Open TheHamz opened this issue 7 years ago • 2 comments

Hello there,

Thanks for your effort and for sharing this app with us. I'm struggling to find a solution here. I'm a total nub when it comes to SQL Server... Not really sure if this is a bug or the way SQL Server works. I'm running Django 1.11 and the corresponding django-pyodbc-azure app. SQL server is running on it's latest version. Thanks

class Foo(models.Model):
   name = models.TextField()
   bar = models.ForeignKey('Bar', related_name='+')
class Bar(models.Model):
   name = models.TextField()
   foo = models.ForeignKey('Foo', null=True, related_name='+')

When trying to do the following:

bar = Bar.objects.create(name='bar')
foo = Foo.objects.create(name='foo', bar=bar) <--- getting the error here

TheHamz avatar Oct 27 '17 00:10 TheHamz

So, after some digging seems SQL Server doesn't support nullable Foreign Key by default... Well, it does in a way but you can insert NULL only once.. Second insert will fail because NULL value is already present in the column and treated like a duplicate (which will throw an error since the column is tagged as unique). My current workaround is this:

CREATE TABLE dbo.parent(id INT PRIMARY KEY)
CREATE TABLE dbo.child(id INT PRIMARY KEY, parent_id INT NULL, FOREIGN KEY (parent_id) REFERENCES parent(id))
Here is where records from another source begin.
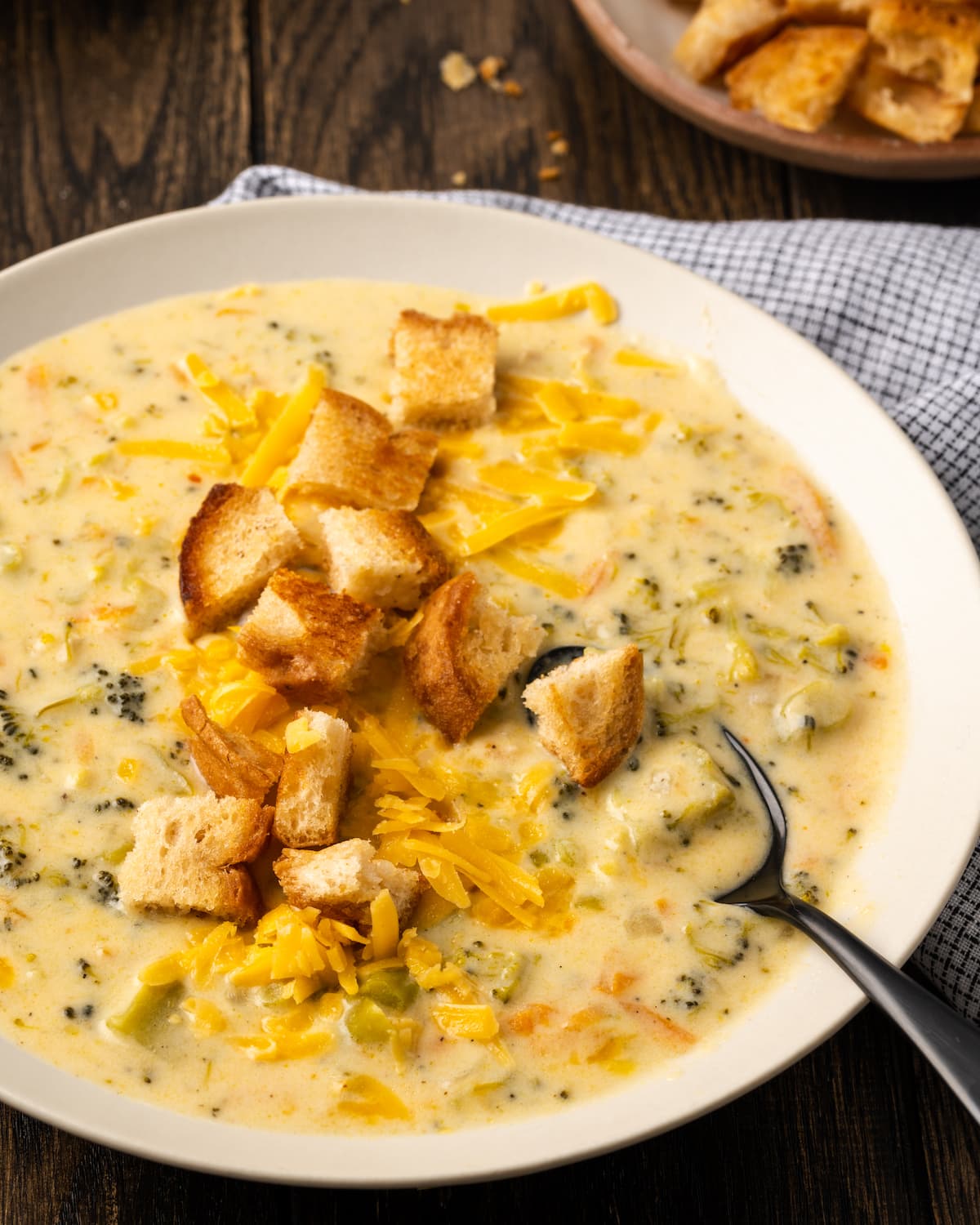 A bowl of instant pot broccoli cheddar soup topped with croutons with a spoon.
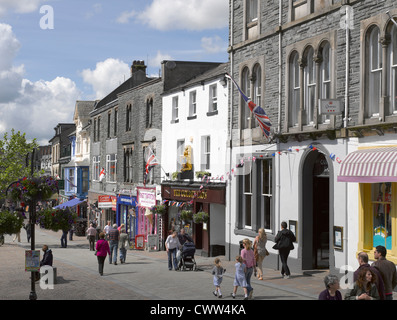 People tourists visitors and shops stores in the town centre in summer Market Square Keswick Cumbria England UK United Kingdom GB Great Britain Stock Photo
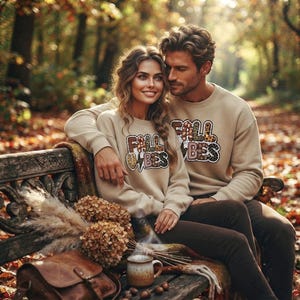 Puede incluir: Dos sudaderas beige de cuello redondo con el texto FALL VIBES en un patrón de estampado de leopardo. Las sudaderas tienen mangas largas y un ajuste relajado. El texto incluye un gráfico de rayo entre las palabras en el frente de cada prenda.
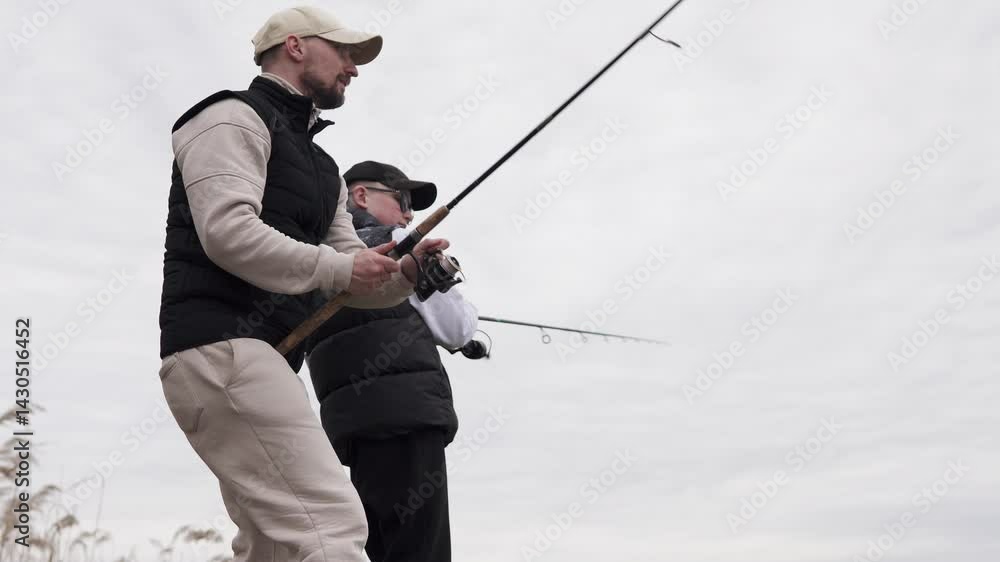 Father and son fishing on a wooden pier. Father teaching his child to fish. Fatherhood concept. Father and son fishing on a wooden pier. Father teaching his child to fish. Fatherhood concept.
CREATE UNIQUE NONCLUSTERED INDEX yes_it_can_be_nullable
ON dbo.child(parent_id)
WHERE parent_id IS NOT NULL;

insert into dbo.parent values (1),(2),(3),(4),(5)
insert into dbo.child values (1, NULL),(2, NULL),(3, 1),(4, 2),(5, 3)

insert into dbo.child values (6, 1)
-- THIS FAILS AS INTENDED

Hopefully this will help someone who's not experienced with SQL Server (same as me) until we get support for nullable Foreign Key. Any input on this solution is much appreciated. Thanks!

Also, big thanks for sharing this project!

TheHamz avatar Nov 08 '17 00:11 TheHamz

I'm glad you could find this solution. However, note that the problem had to do with uniqueness and nullability, the fact that the column happened to be a Foreign Key had nothing to do with it. You'd get the same problem (and you'll be able to use the same solution) with any field that is null=True, unique=True.